§ Captioned web images:
• • • •

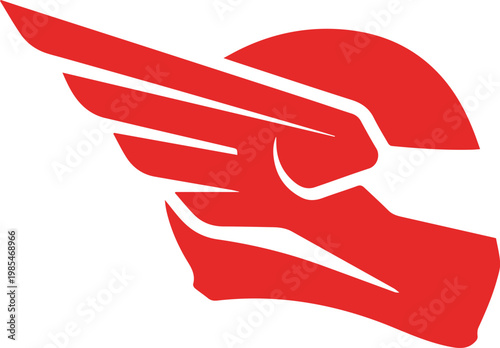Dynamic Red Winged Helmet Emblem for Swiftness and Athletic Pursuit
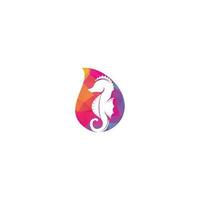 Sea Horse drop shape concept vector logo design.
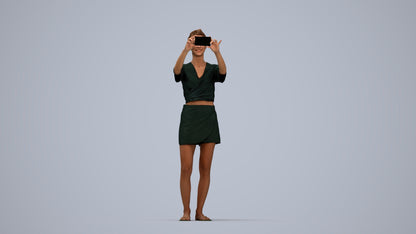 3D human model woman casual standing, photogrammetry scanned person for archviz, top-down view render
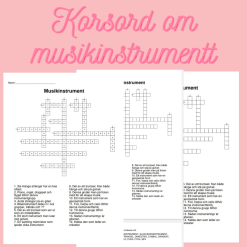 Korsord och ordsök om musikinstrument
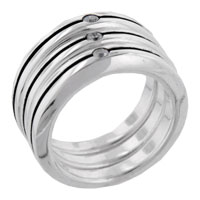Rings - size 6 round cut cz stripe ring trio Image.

• • • •

§ Problem description: Give the data again exactly as it appears, but without any images.

§ Task output:
Dynamic Red Winged Helmet Emblem for Swiftness and Athletic Pursuit
 Sea Horse drop shape concept vector logo design.
 3D human model woman casual standing, photogrammetry scanned person for archviz, top-down view render
 Korsord och ordsök om musikinstrument
Rings - size 6 round cut cz stripe ring trio Image.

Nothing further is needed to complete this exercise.